> [What you need to do]
Collect all lines from the listing that include the string "product".

> [Entries shown]
((
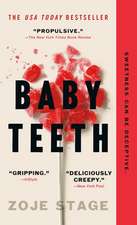 Stage, Z: Baby Teeth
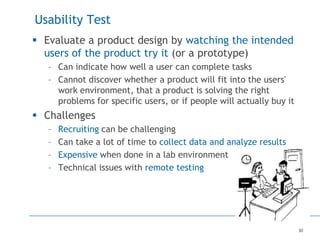 30
Usability Test
 Evaluate a product design by watching the intended
users of the product try it (or a prototype)
– Can indicate how well a user can complete tasks
– Cannot discover whether a product will fit into the users'
work environment, that a product is solving the right
problems for specific users, or if people will actually buy it
 Challenges
– Recruiting can be challenging
– Can take a lot of time to collect data and analyze results
– Expensive when done in a lab environment
– Technical issues with remote testing
 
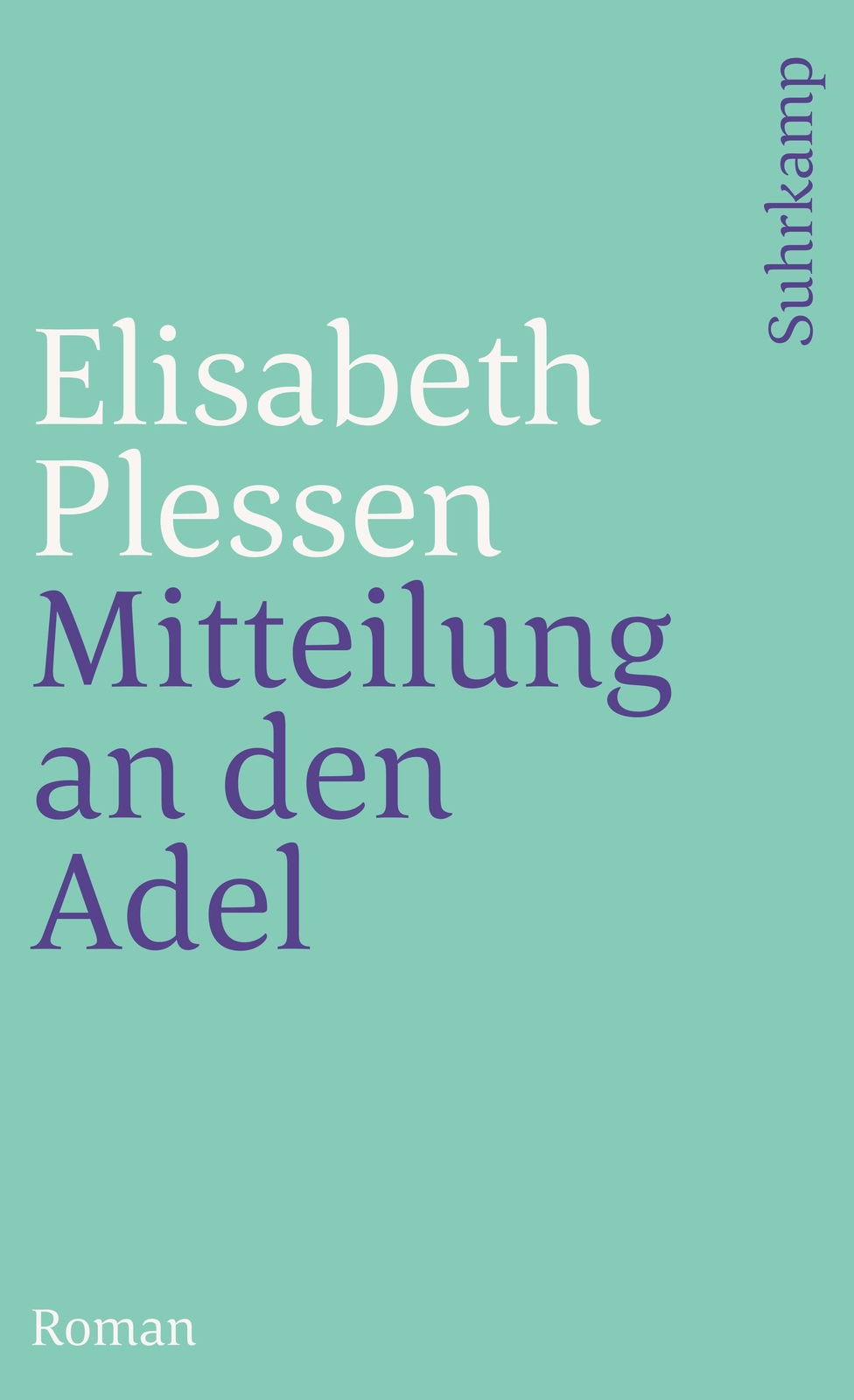 Thumbnail - Mitteilung An Den Adel | Elisabeth Plessen | Taschenbuch | 248 S. |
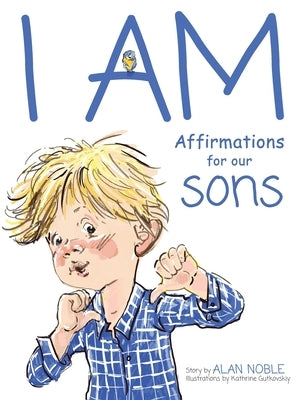 I AM, Affirmations For Our Sons: Powerful Affirmations for Children by Noble, Alan
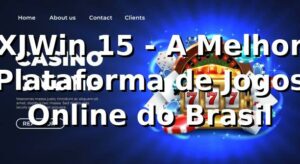 XJWin 15 - A Melhor Plataforma de Jogos Online do Brasil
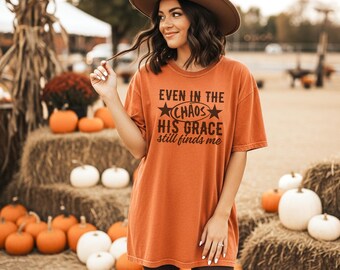 Even in the CHAOS T-Shirt: Inspirational Christian Tee, Garment-Dyed Cotton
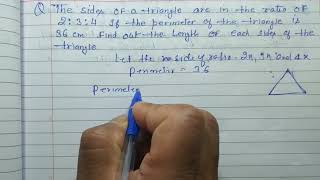 The sides  of a triangle are in the ratio of 2 : 3 :4 if the perimeter of the triangle is 36 cm.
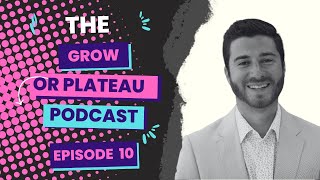 Grow or Plateau Academy | Ep 10 with Chris Lake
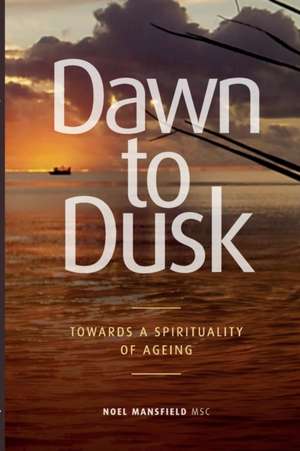 Dawn to Dusk de Noel Mansfield Msc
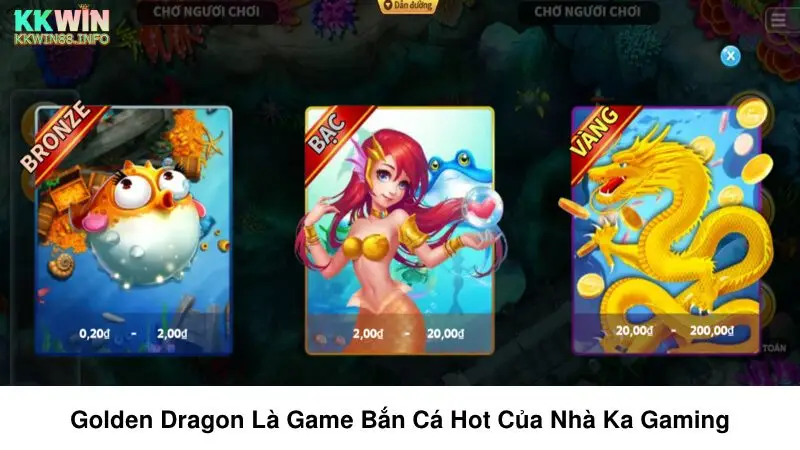 Golden Dragon là game bắn cá Hot của nhà KA Gaming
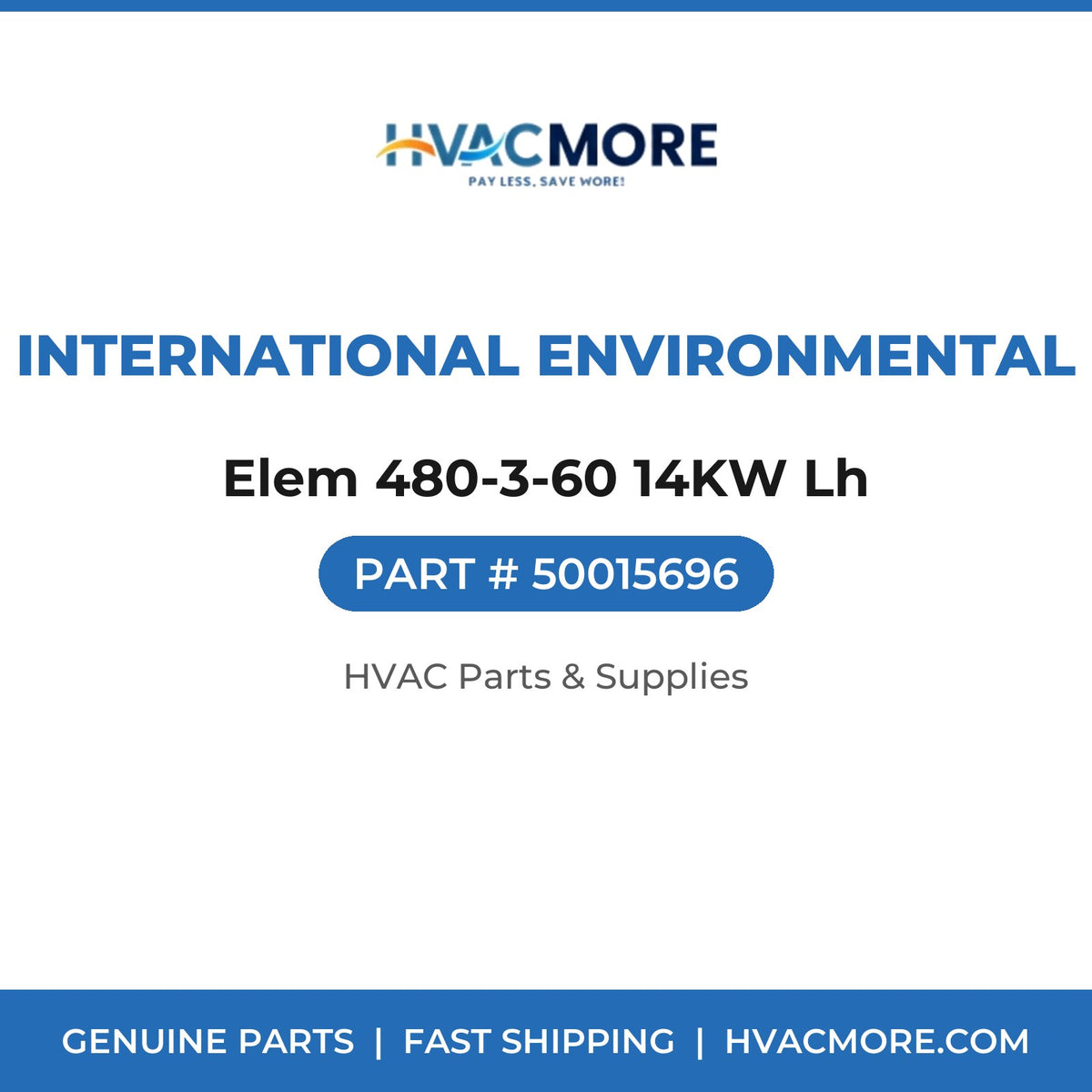 International Environmental Elem 480-3-60 14KW Lh 50015696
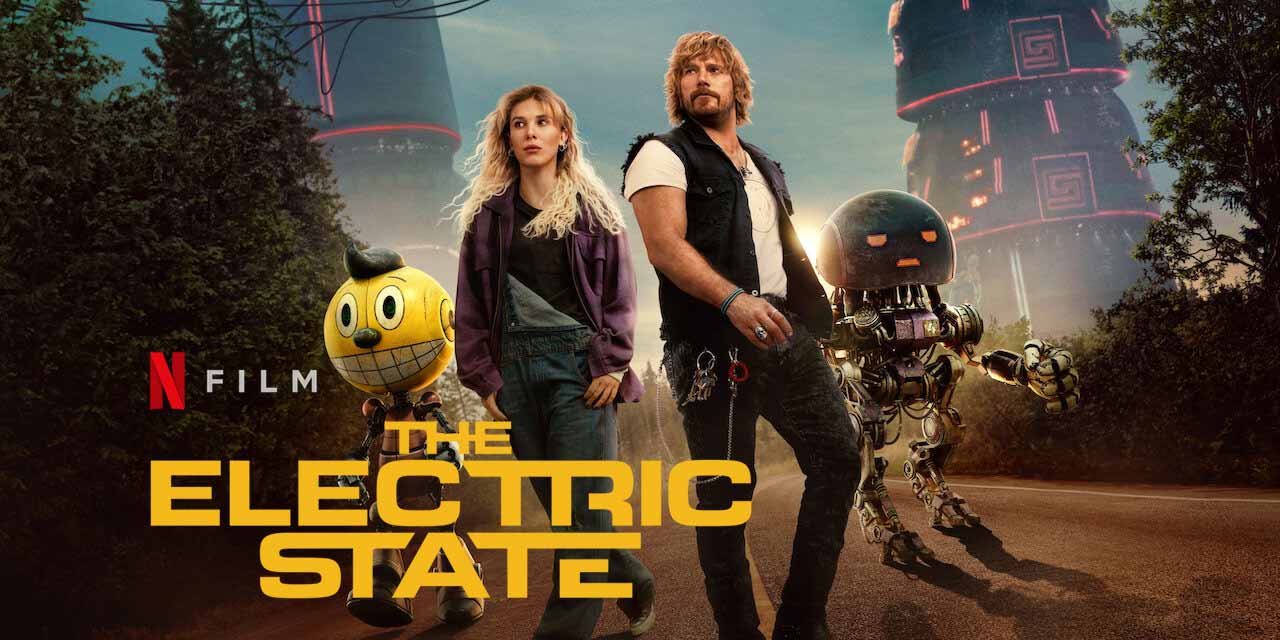 The Electric State – Movie Review | Netflix (3/5)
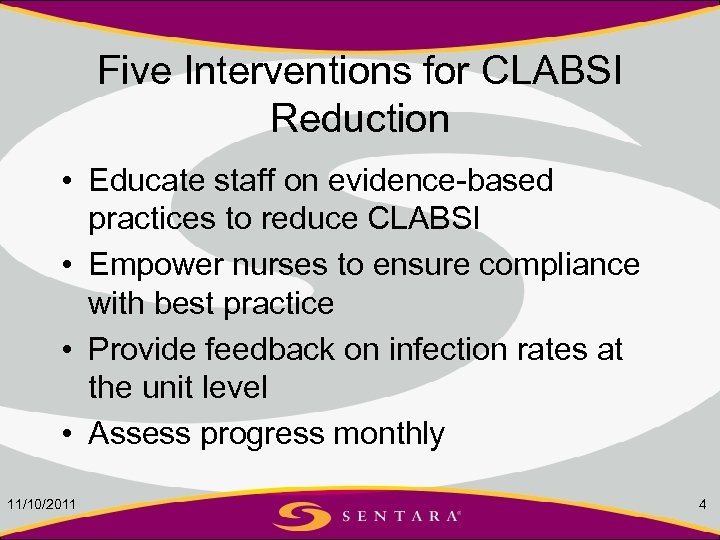 Five Interventions for CLABSI Reduction • Educate staff on evidence-based practices to reduce CLABSI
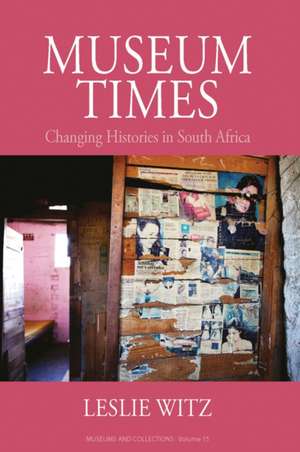 Museum Times de Leslie Witz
))
> [Solution to this task]
 Evaluate a product design by watching the intended
users of the product try it (or a prototype)
– Cannot discover whether a product will fit into the users'
work environment, that a product is solving the right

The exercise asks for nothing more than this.